**TO DO**
Pictures aside, please retype the whole listing word for word.

**PROVIDED MATERIAL**
========
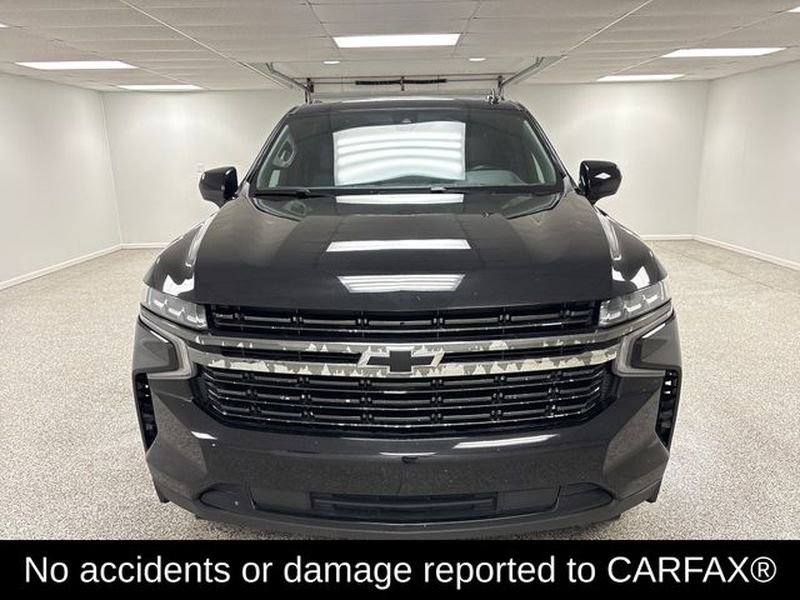 Used 2021 Chevrolet Suburban RST w/ Rear Media and Nav Package AWD/4WD image 2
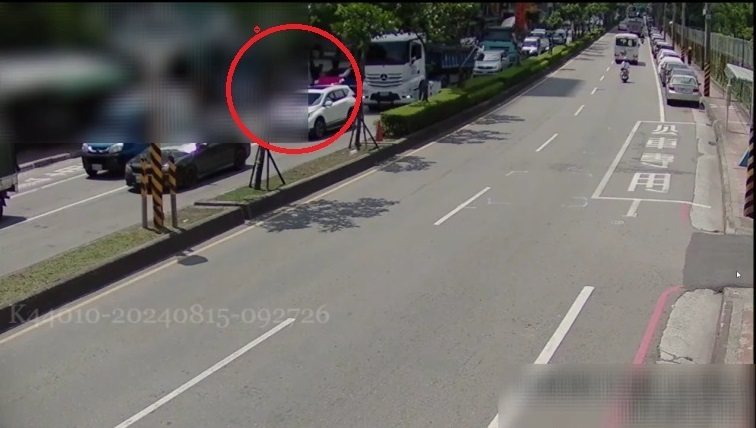 葉姓男子不爽保時捷權利車被當舖拖回帶人前往當舖理論爆發口角拉扯，警到場雙方互不提告，警帶回當舖三人依妨害秩序罪嫌送辦。記者曾伯愷／翻攝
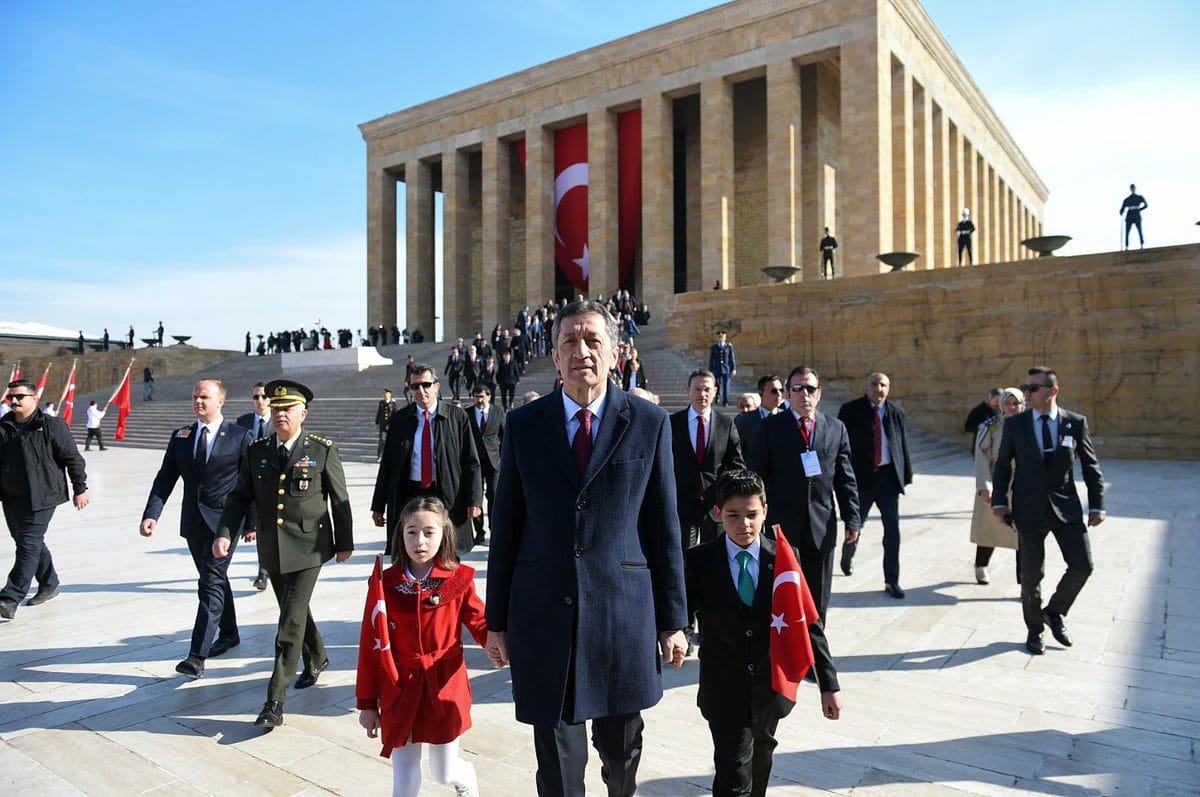 Bakan Selçuk 23 Nisan kutlama etkinliklerini açıkladı
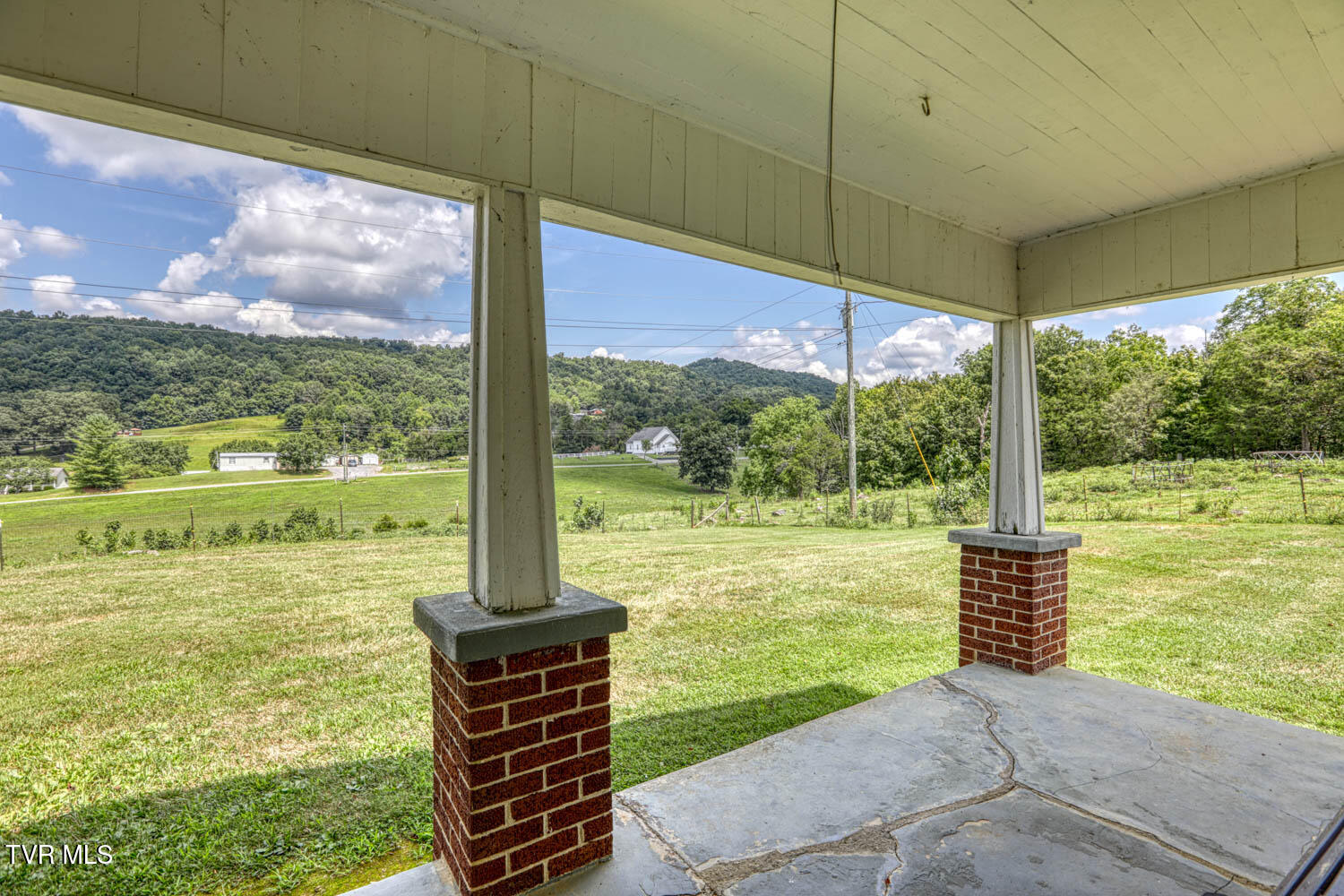 293 Lee Valley Road Whitesburg, TN 37891 - Photo 135 of 145 Farm house.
========
**RESULT**
 Used 2021 Chevrolet Suburban RST w/ Rear Media and Nav Package AWD/4WD image 2
 葉姓男子不爽保時捷權利車被當舖拖回帶人前往當舖理論爆發口角拉扯，警到場雙方互不提告，警帶回當舖三人依妨害秩序罪嫌送辦。記者曾伯愷／翻攝
 Bakan Selçuk 23 Nisan kutlama etkinliklerini açıkladı
 293 Lee Valley Road Whitesburg, TN 37891 - Photo 135 of 145 Farm house.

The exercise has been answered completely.